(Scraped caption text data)
*** Block opens ***

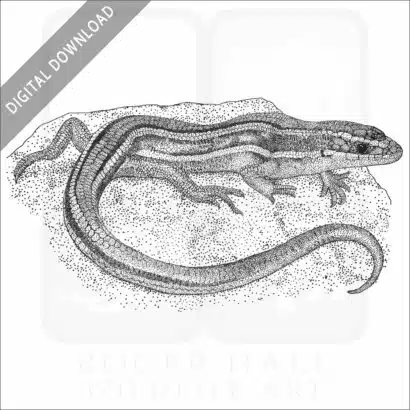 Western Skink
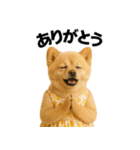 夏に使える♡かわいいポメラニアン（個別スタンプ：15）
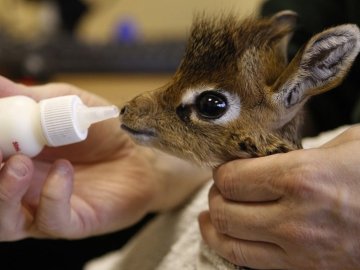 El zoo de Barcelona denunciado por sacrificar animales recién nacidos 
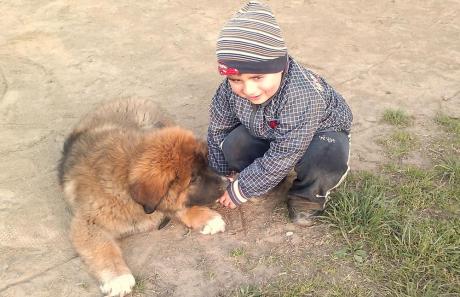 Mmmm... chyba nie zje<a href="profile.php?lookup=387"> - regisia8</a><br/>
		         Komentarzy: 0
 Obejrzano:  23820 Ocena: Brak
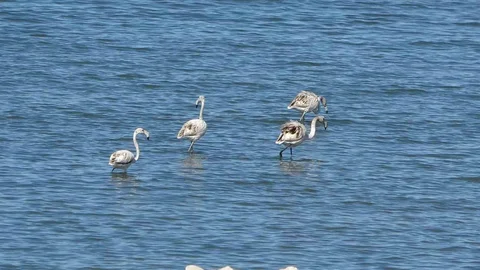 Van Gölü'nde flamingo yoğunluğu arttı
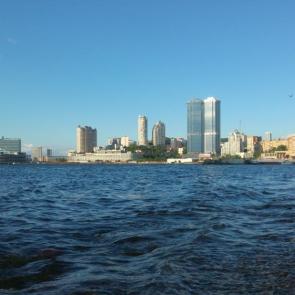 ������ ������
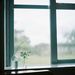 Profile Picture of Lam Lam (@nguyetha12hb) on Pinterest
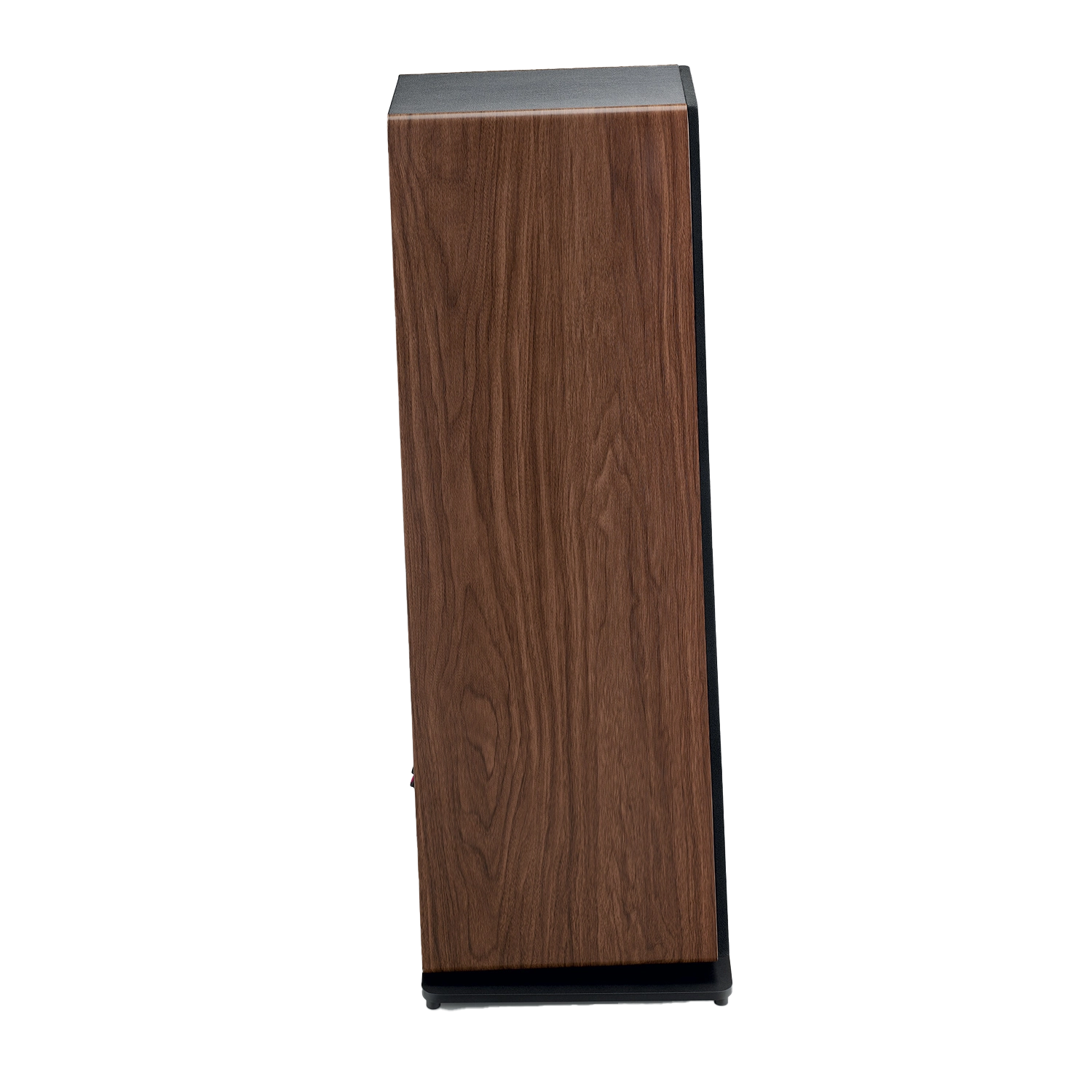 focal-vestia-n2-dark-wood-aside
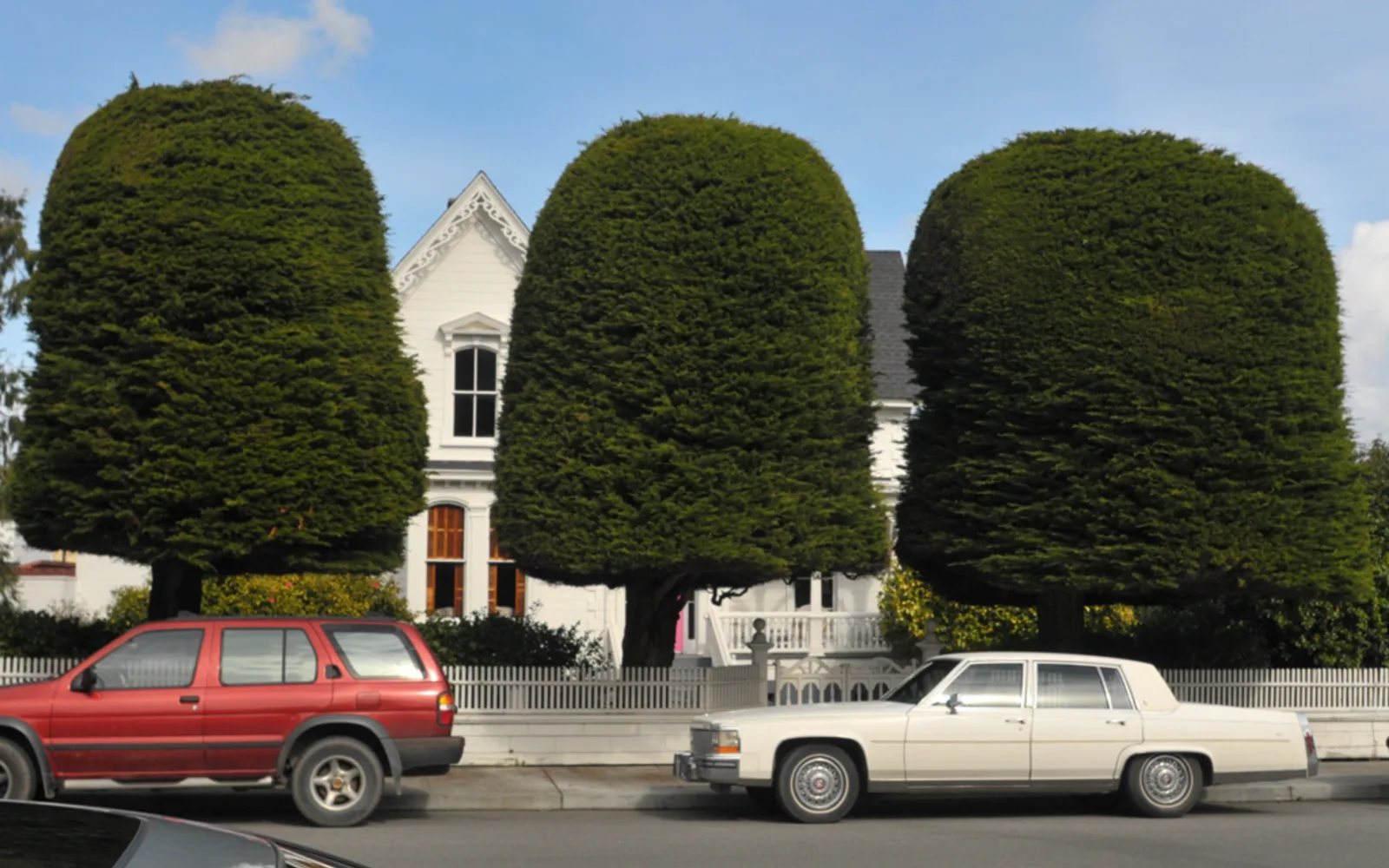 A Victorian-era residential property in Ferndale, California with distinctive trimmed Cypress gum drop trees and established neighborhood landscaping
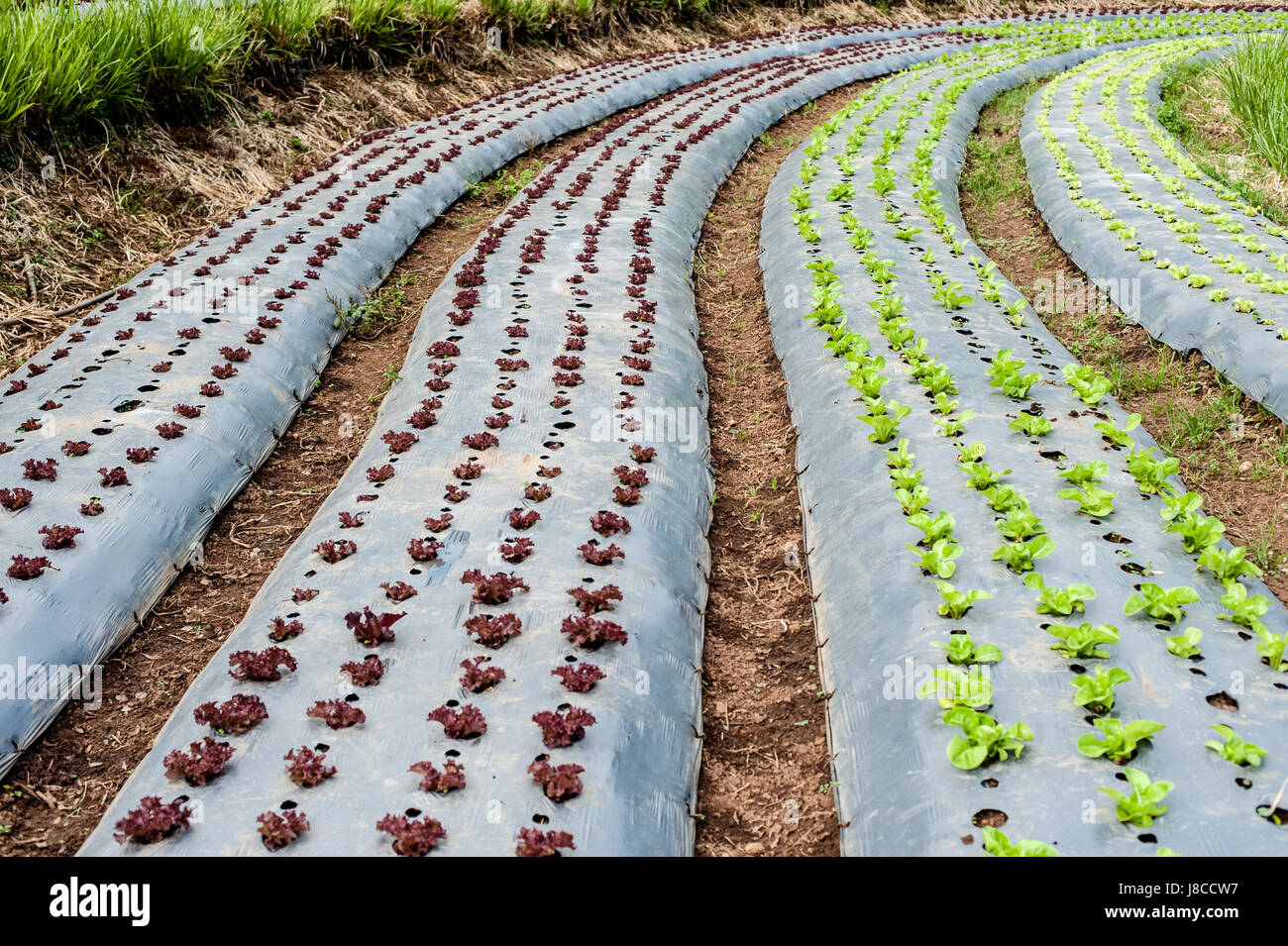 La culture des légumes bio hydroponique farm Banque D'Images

*** Block closes ***

The lines wanted are those from the one with "A Victorian-era residential" to the end of the entries above, repeated exactly, both ends included. Leave out the pictures.

 A Victorian-era residential property in Ferndale, California with distinctive trimmed Cypress gum drop trees and established neighborhood landscaping
 La culture des légumes bio hydroponique farm Banque D'Images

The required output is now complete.